Instructions to follow
Working from the start of the listing, please write out exactly the lines through the one that holds "1062 Garrett Street, Rainsville, AL", both included, and omit all pictures.
======
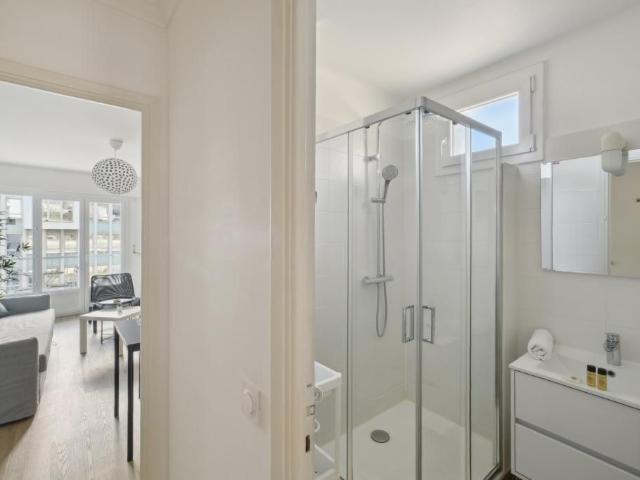 Appartement 3 pièces, 64 m² à louer à Nice 06000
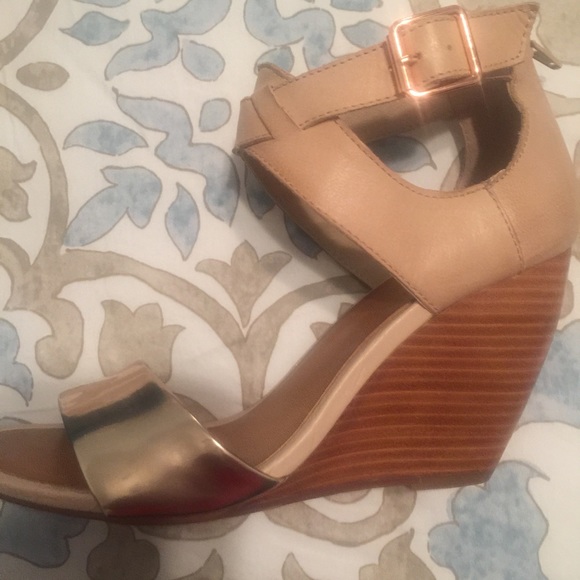 Seychelles Rose Gold Leather Sandals
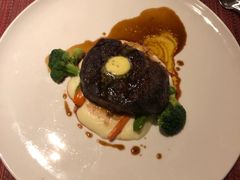 碳烤菲力牛排配土豆泥及红酒汁-WOLFGANG PUCK KITCHEN & BAR(迪士尼小镇店)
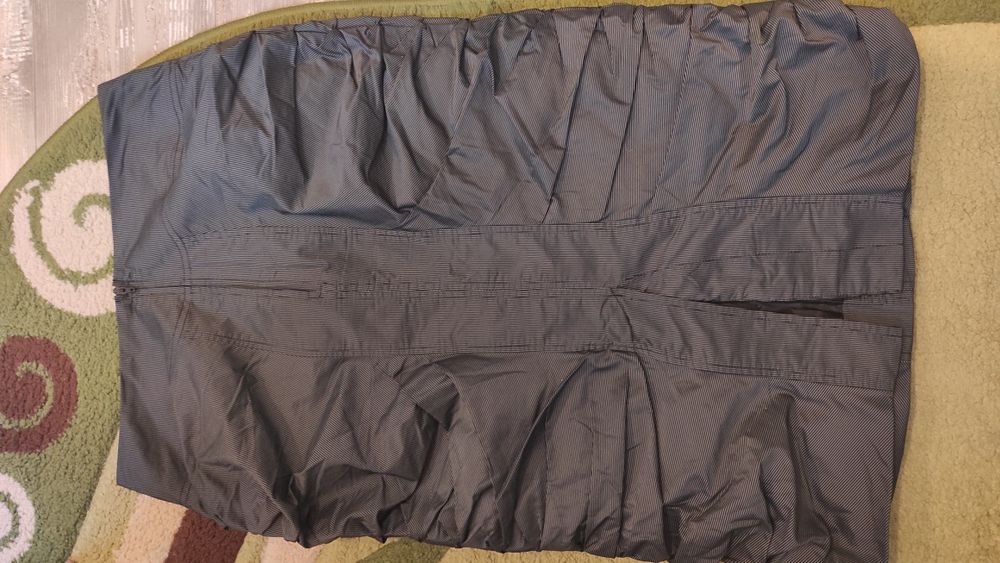 Дамска пола размер 40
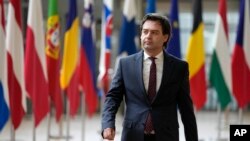 FILE - Menteri Luar Negeri Moldova Nicu Popescu tiba untuk pertemuan para menteri luar negeri Uni Eropa di gedung Dewan Eropa di Brussels, 20 Februari 2023. (AP/Virginia Mayo)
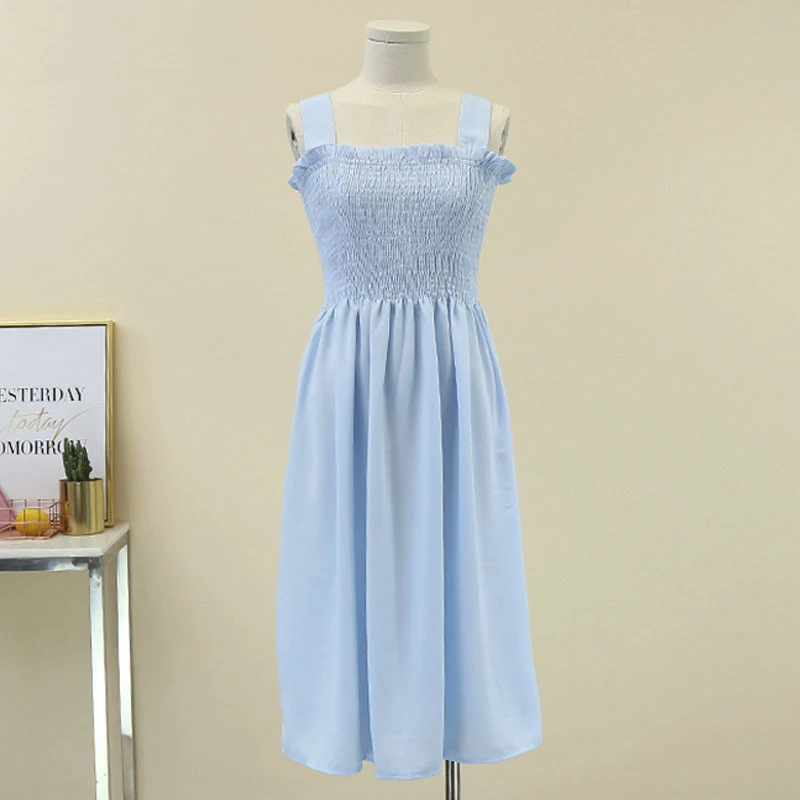 Фото Женское винтажное платье без рукавов синее облегающее средней длины на тонких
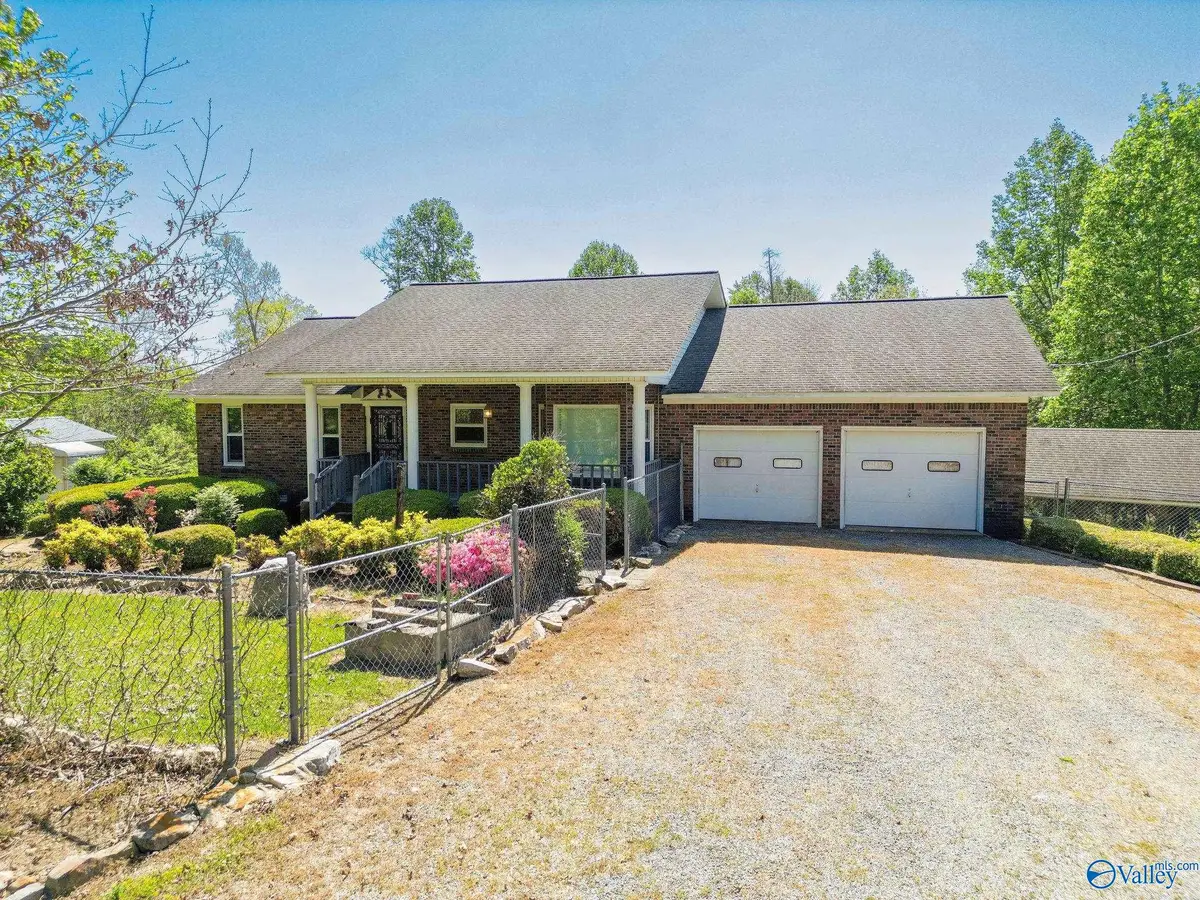 1062 Garrett Street, Rainsville, AL 35986 - #1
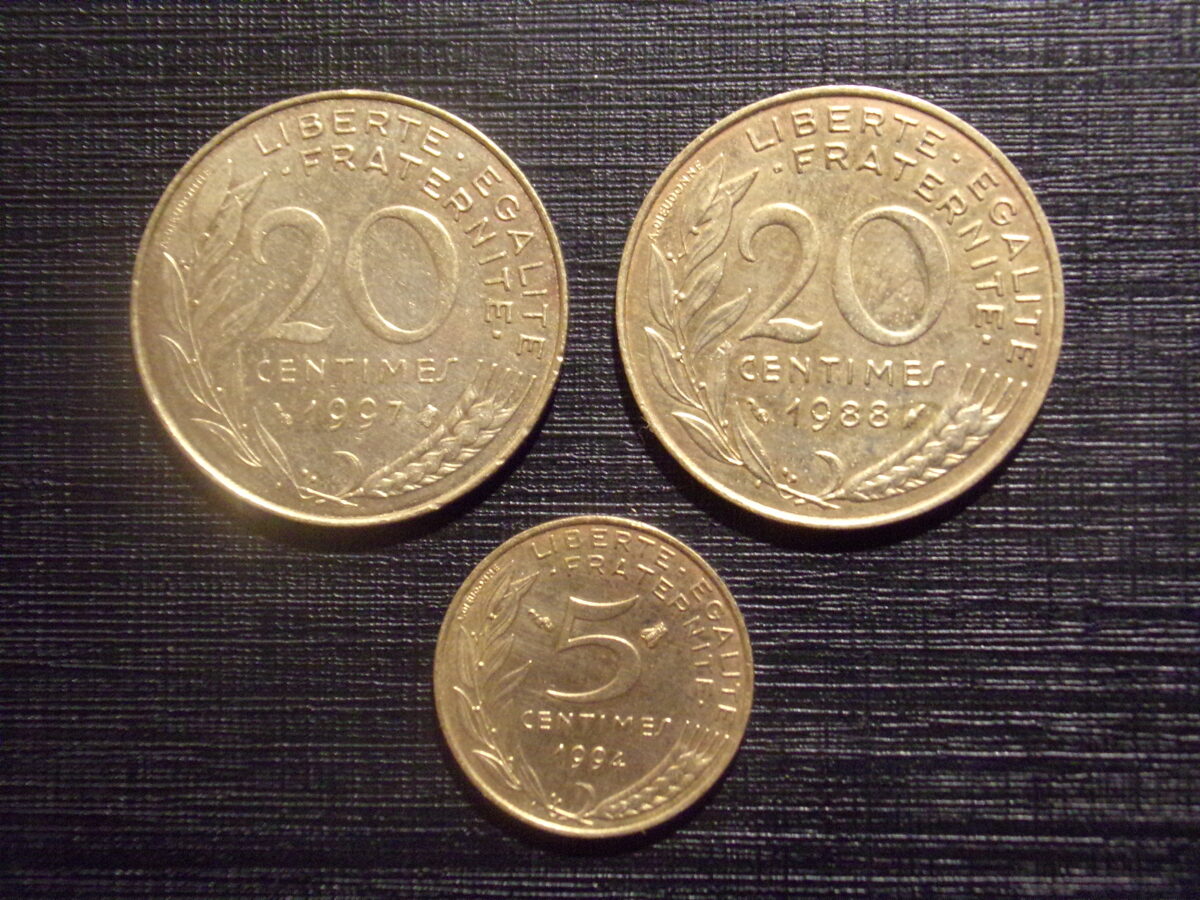 №103. 20 сантимов 1988 и 1997 год. 5 сантимов 1994 год. Франция.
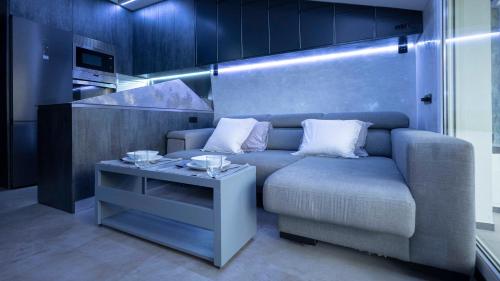 Iron House - Penthouse with Bathtub in Golden Mile & Roman Bridge photo 49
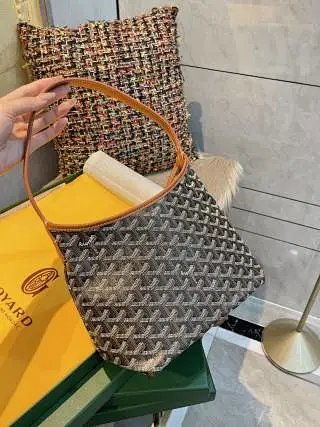 Goyard Bag: seller detail photo 4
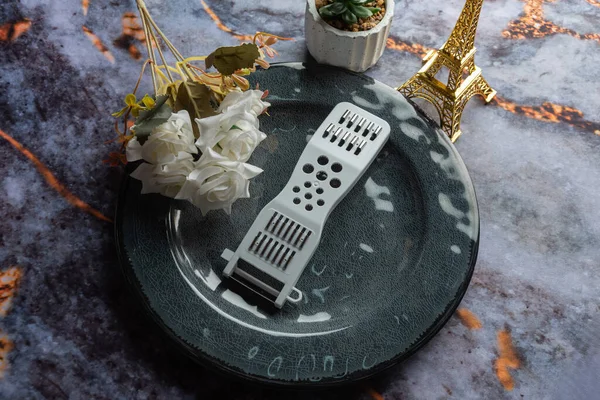 Koyu mermer arka planda günlük ev aletleri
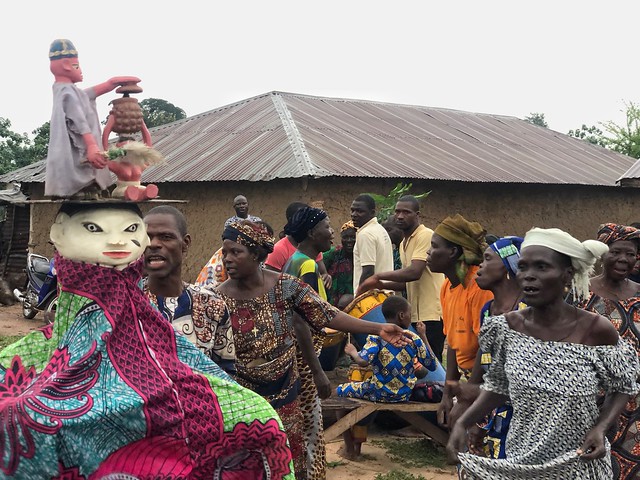 Danza de máscaras Gelede en Benín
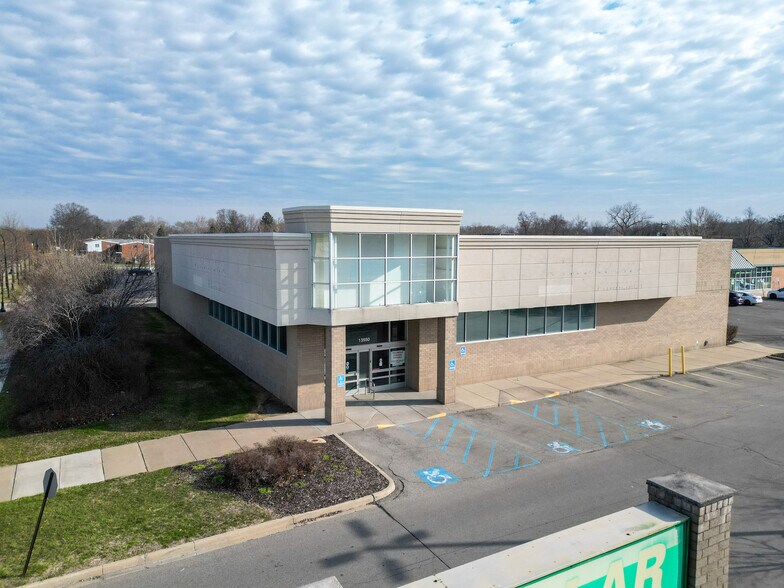 Primary Photo Of 13550 W 9 Mile Rd, Oak Park Freestanding For Lease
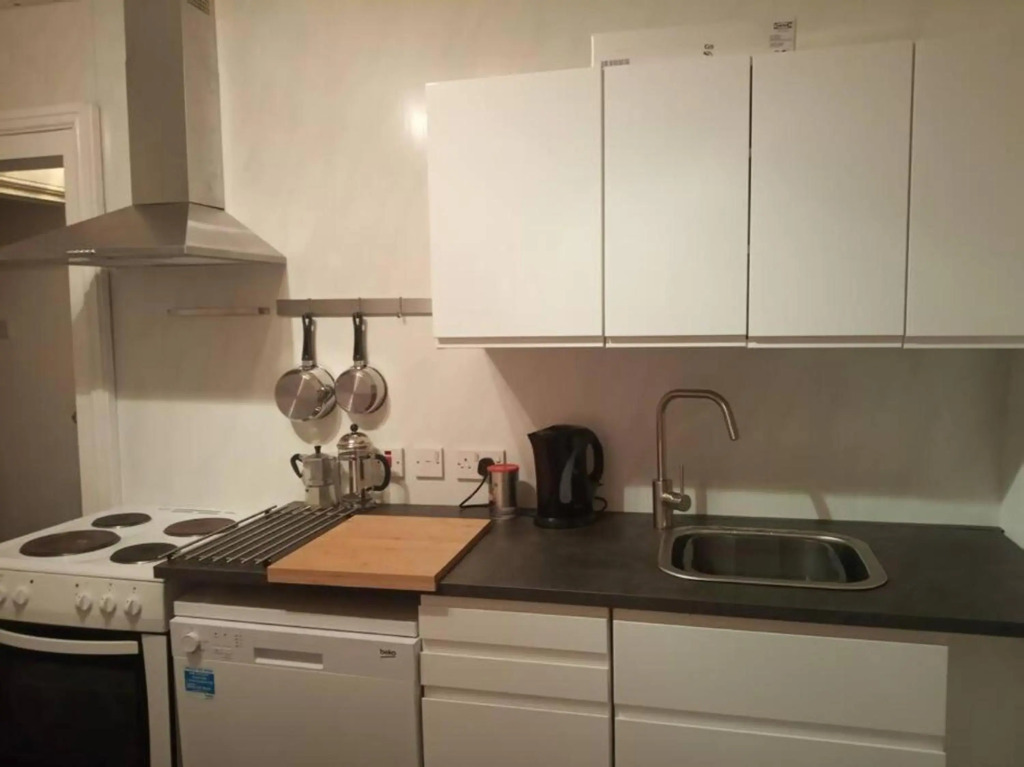 Private apartment. Aberystwyth Town Centre.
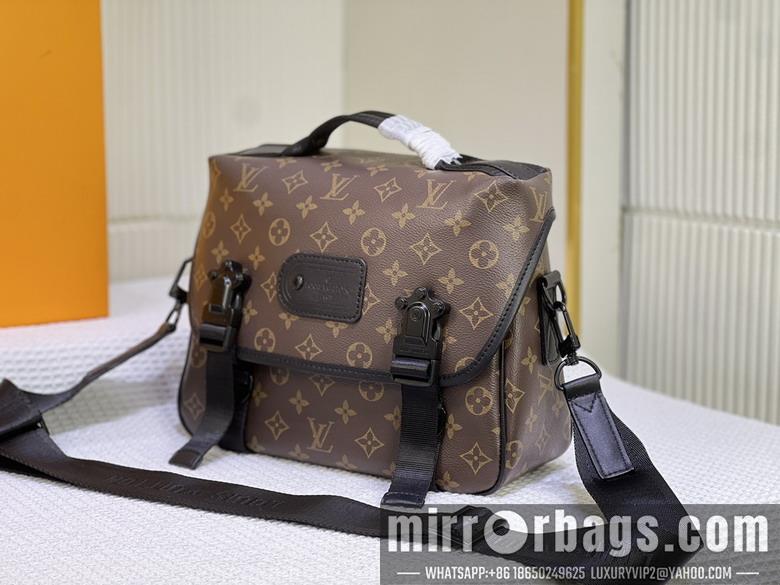 1:1 Louis Vuitton Bags Trail M46972 31x22x11cm ss2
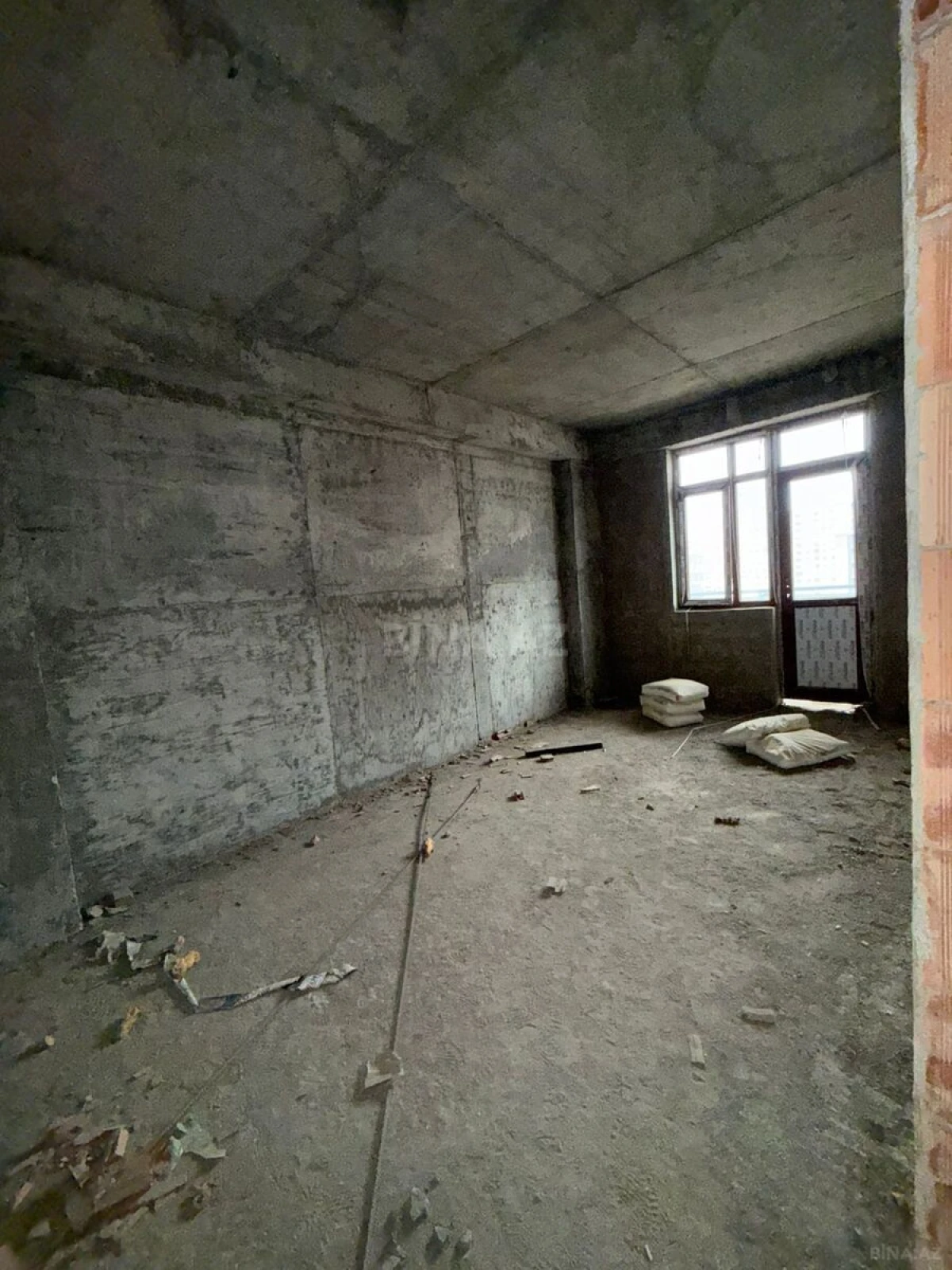 Satılır 2 otaqlı mənzil 108 m²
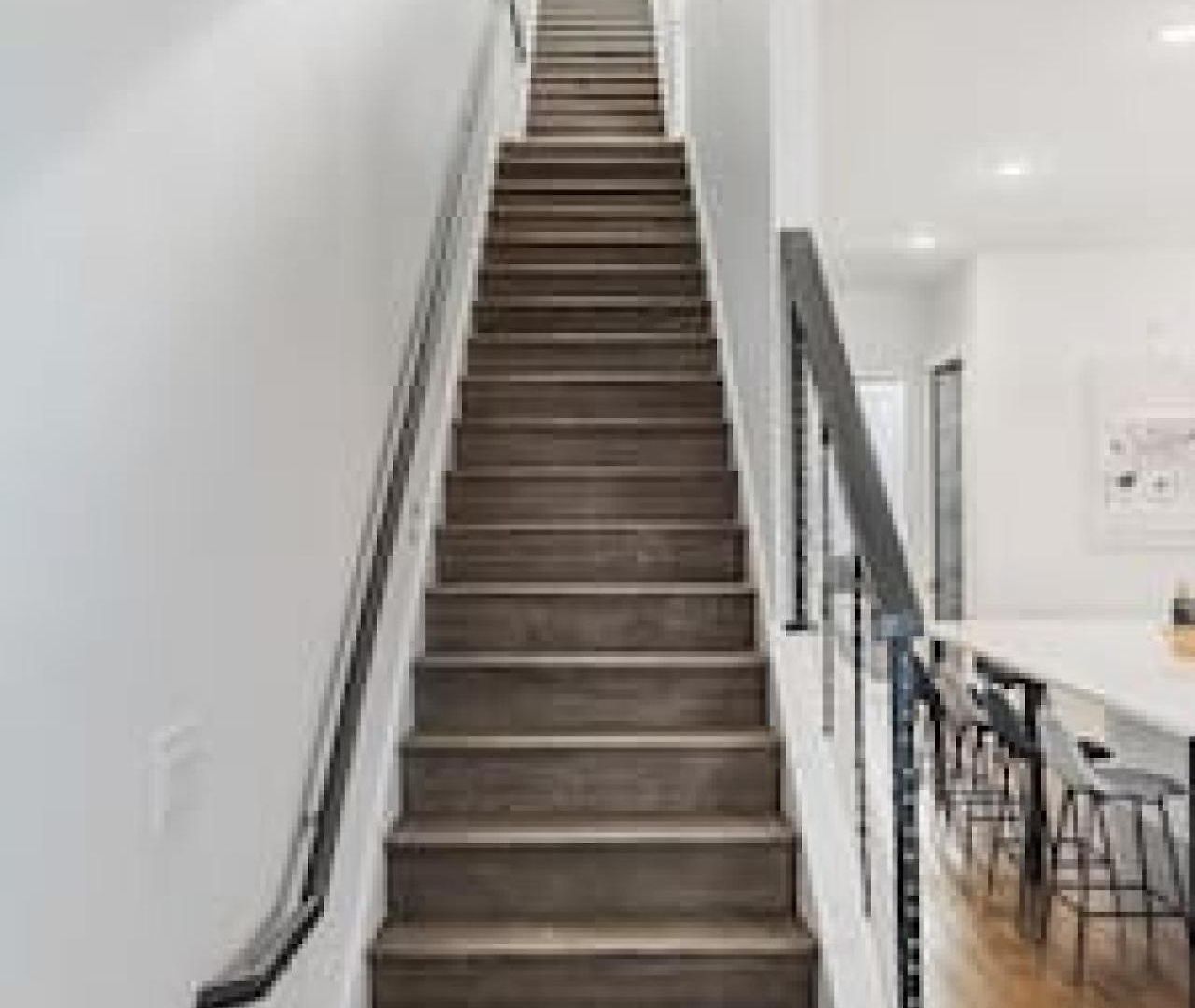 Large Patio, Rooftop Deck And Garage, 3 Miles To Broadway Holiday home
======
Exercise result
 Appartement 3 pièces, 64 m² à louer à Nice 06000
 Seychelles Rose Gold Leather Sandals
 碳烤菲力牛排配土豆泥及红酒汁-WOLFGANG PUCK KITCHEN & BAR(迪士尼小镇店)
 Дамска пола размер 40
 FILE - Menteri Luar Negeri Moldova Nicu Popescu tiba untuk pertemuan para menteri luar negeri Uni Eropa di gedung Dewan Eropa di Brussels, 20 Februari 2023. (AP/Virginia Mayo)
 Фото Женское винтажное платье без рукавов синее облегающее средней длины на тонких
 1062 Garrett Street, Rainsville, AL 35986 - #1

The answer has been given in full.